> Required work
Given the entries that follow, write out exactly the lines starting at the one containing "Building Photo - 4433 N Old Romero Rd" and ending at the one containing "1026 Collier Cres - 31", both ends included, and only those.

[Recorded information — start]

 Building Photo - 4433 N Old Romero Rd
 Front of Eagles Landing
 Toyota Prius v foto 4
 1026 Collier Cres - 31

[Recorded information — finish]
[Recorded information — start]

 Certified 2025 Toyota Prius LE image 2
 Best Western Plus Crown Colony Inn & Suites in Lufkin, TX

[Recorded information — finish]

> Exercise answer
 Building Photo - 4433 N Old Romero Rd
 Front of Eagles Landing
 Toyota Prius v foto 4
 1026 Collier Cres - 31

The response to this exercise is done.